Sullo sfondo ma sempre in chiara vista, una città che pulsa di umanità, di personaggi d’altri tempi, di uomini e donne veri, tutti d’un pezzo, coi loro sentimenti, anche quando le corde jannacciane si spostano verso il surrealismo più puro.

Ogni volta che passo per la periferia milanese – magari andando verso la mia solita Lambrate – da un momento all’altro mi aspetto di vedere una balera all’angolo, di fronte alla quale sta un ragazzo con gli scarponi da lavoro e il naso rosso di vino, in attesa che una ragazza gli conceda quel ballo e magari “quella cosa che inizia per ba e finisce per cio” per cui sarebbe andato a Como in moto e poi tornato a casa a piedi, tanta sarebbe stata la gioia. Quante volte mi sono sentito come quel ragazzo, totalmente inadeguato e allo stesso tempo così pieno di desiderio di vita e di amore.

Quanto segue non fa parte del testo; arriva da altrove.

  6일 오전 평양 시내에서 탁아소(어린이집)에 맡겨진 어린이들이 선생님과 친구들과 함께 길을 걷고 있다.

Dall’altra parte, invece, mi sembra di intravedere un gruppo di ragazzini coi vestiti scalcagnati darsele di santa ragione, perché la legge è quella di darle via ma è anche quella di buscarle, con la certezza che a casa ci sarà sempre una mamma pronta a pulirti il naso sporco di sangue. 

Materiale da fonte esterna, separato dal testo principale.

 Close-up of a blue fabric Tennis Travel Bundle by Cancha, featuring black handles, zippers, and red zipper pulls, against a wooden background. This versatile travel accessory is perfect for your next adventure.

Camminando per le strade, invece, ogni momento mi pare di poter incontrare da un momento all’altro la Veronica, quella di via Canonica che, a quanto pare, aveva insegnato “il mestiere dell’amore” a tutta la gioventù della zona, quella che diceva di volersi fare monaca ma intanto bestemmiava ogni momento contro i preti. E chissà dov’è finito quell’uomo che, per amore di una donna, aveva buttato giù dalla macchina (non prima di avergli infilzato un coltello con la lama di sei dita nel costato) l’”amato” fratello Armando, quello che lo picchiava di santa ragione col martello. Difficile che sia a San Vittore: aveva un alibi di ferro. A quell’ora, infatti, “era quasi sempre via”! 

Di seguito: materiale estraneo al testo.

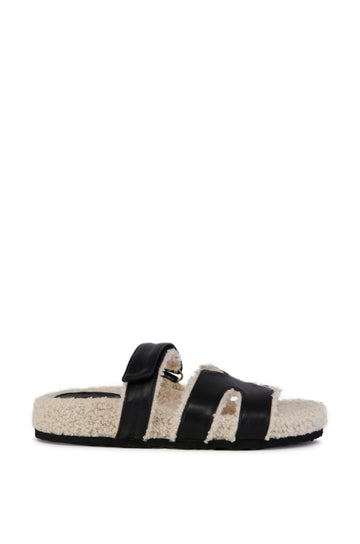 black faux leather open toe slipper with a sherpa lined sole and inner strap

E invece, il passaggio a livello dove i due innamorati si sfioravano la mano, prima di essere interrotti sul più bello da un treno merci, oramai si sarà anche alzato e quel treno sarà anche già bell’e che arrivato a destinazione.

Chissà dove sono ora, tutti quei personaggi. Quei personaggi così buffi e improbabili da essere più reali dalla realtà. L’uomo che aspettava Lina sotto la sua finestra, oramai, sarà già arrivato a casa (a piedi, ovviamente, perché di tram non ne passano più). Il pittore che disegnava Madonne sul marciapiede e che era finito al fresco per aver dato del “pirlone” ad un carabiniere oramai sarà uscito di galera e chissà dove sarà. Quante altre volte, invece, ancora adesso puoi intravedere sul metrò la ragazza dal cappotto rosso, che regolarmente se ne va via con uno che non sei tu mentre tu te ne resti lì triste a leggere distrattamente il tuo giornale.

Sono tutti lì, dentro il cuore di una città che non sembra esistere più, sembra essere scomparsa, lasciando il passo alla frenesia di tutti i giorni, ad un mondo borghese che corre senza guardare in faccia nessuno, in un mondo dove “l’amore si fa in tre, di lavoro non ce n’è” e dove l’avvenire sembra solo un buco nero. Sono lì a portare una ventata di umanità, che c’è ancora, nascosta ma pulsante, colonne rocciose ma invisibili che sostengono il mondo.

E sullo sfondo, il Duomo, con la Madonnina che domina Milano, quella presenza che sa essere di conforto persino nei momenti più dolorosi della vita, dove la gente è ancora capace di dare la cosa più profonda di se stessi, le lacrime, per la redenzione delle puttane, degli ultimi, dei più nascosti agli occhi di tutti.

E così, ogni volta che parto dalla mia Torino per arrivare in quella città dove “ci sono automobili di tutti i colori, di tutte le grandezze, piena di luci che sembra sempre Natale, dove anche dal cielo sembra che piovano biglietti da mille” e faccio il mio tragitto per arrivare dalla Stazione Centrale a Lambrate in un modo o nell’altro è come se mi sentissi a casa, anche se non mi fermo in un ristorante economico a mangiare solo minestra, facendo a meno del vino, per risparmiare.

Perché, anche se tutto è cambiato, se tutto sembra passato, il mondo di Enzo Jannacci continua a vivere e a dispensare la sua ombra bella e triste sulle cose che stanno tutte attorno.